I’m not developing on the Vive, but I would say the first thing you need to look at for optimization is radically reducing the batches, 3342 is very high, even for PC VR (I’m working on Gear VR, where I’m aiming to keep it below 50 batches per frame).
If it were me I would want to get that down to the low-mid hundreds at most, and definitely get it as low as possible overall through atlasing textures together, using as few materials and utilize static batching as much as possible.
Reducing the batch count will really help the CPU, notice the CPU is at 53ms, this needs lowering substantially. Hope this helps.
Quite some new terms for me, thanks for the batch hint. The building indeed improves performance by optimizing batches, but I will look closer at this parameter. How could I influence it, better than deleting assets ?
3000+ shadow casters will give you some performance problems. If the light source won’t move you can bake them. Use the profiler instead of that performance stats box so you can see exactly what’s causing it to be so slow. For good VR on Vive or Oculus you need the CPU and GPU to complete in 11ms combined (90fps) (unbuffered).
Another thing you can do to reduce batch count (draw calls) is reduce the number of unique materials. The more materials can be shared, the fewer draw calls you’ll typically have. I’ve noticed some art assets on the asset store are not optimized at all in that area.

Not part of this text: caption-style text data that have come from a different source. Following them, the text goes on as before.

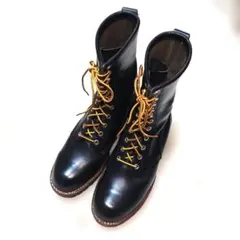 2026年最新】レッドウィング 2218の人気アイテム - メルカリ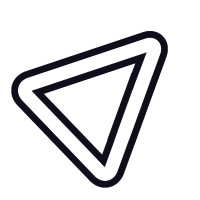 BADJE logo - Similar company to Studio Nova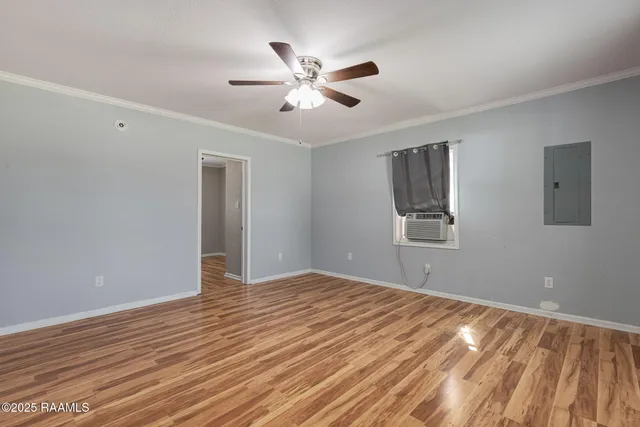 $159,999 | 12001 Highway 339, Erath, LA 70533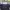 Longchamp Luxury Tote bag Wanita navy photo 1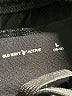 Active by Old Navy 100% Polyester Black Track Pants Size 10 - 12 - photo 3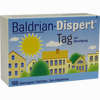 Abbildung von Baldrian Dispert Tag zur Beruhigung Tabletten 100 Stück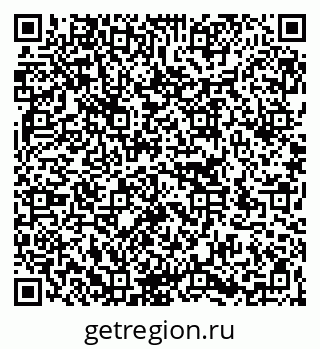 79266164765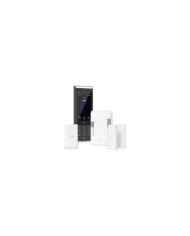 Ubiquiti UniFi Access G3 Gate Starter Kit vārtu piekļuves kontroles komplekts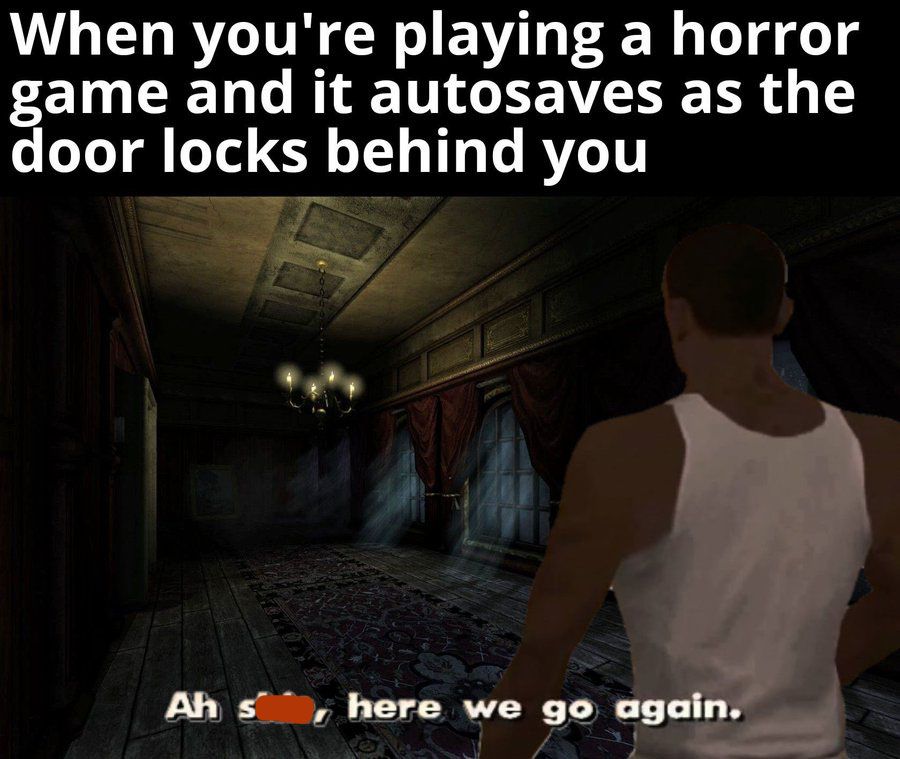 E62LpDSVcAAumGD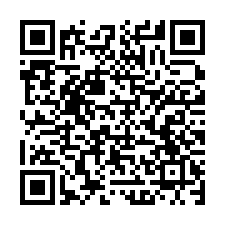 QR Code for bitcoin:bitcoin:bitcoin:bitcoin:LR6ZP1vakSqe5cs7Yk11gXxJX5aGLnHADs
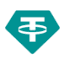 tether.to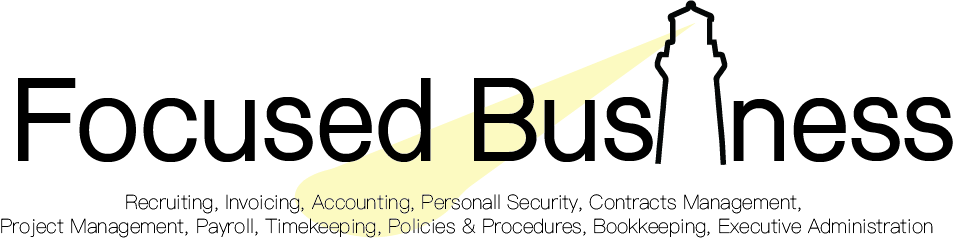 Diseño de Logo por Jordan Langford para Net Vision Consultants, Inc. | Diseño #14959133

There’s an asset called Mesh Baker that will combine textures into larger texture sheets called “atlas” textures and adjust the meshes to use those new texture coordinates. It’s specifically meant as a way to reduce draw calls:
As Steve Tack touched on, the best way to influence the number of batches is to combine all like-materials together as much as possible (for example, if you have 10 materials that all use the same material type, eg. Bumped/Diffuse, then combine these together into one Bumped/Diffuse material, then do this for other material types, eg, transparent etc). So as an example you would put all the textures onto one large sheet together and then adjust all the UV"s for the meshes to represent that new place on the texture map.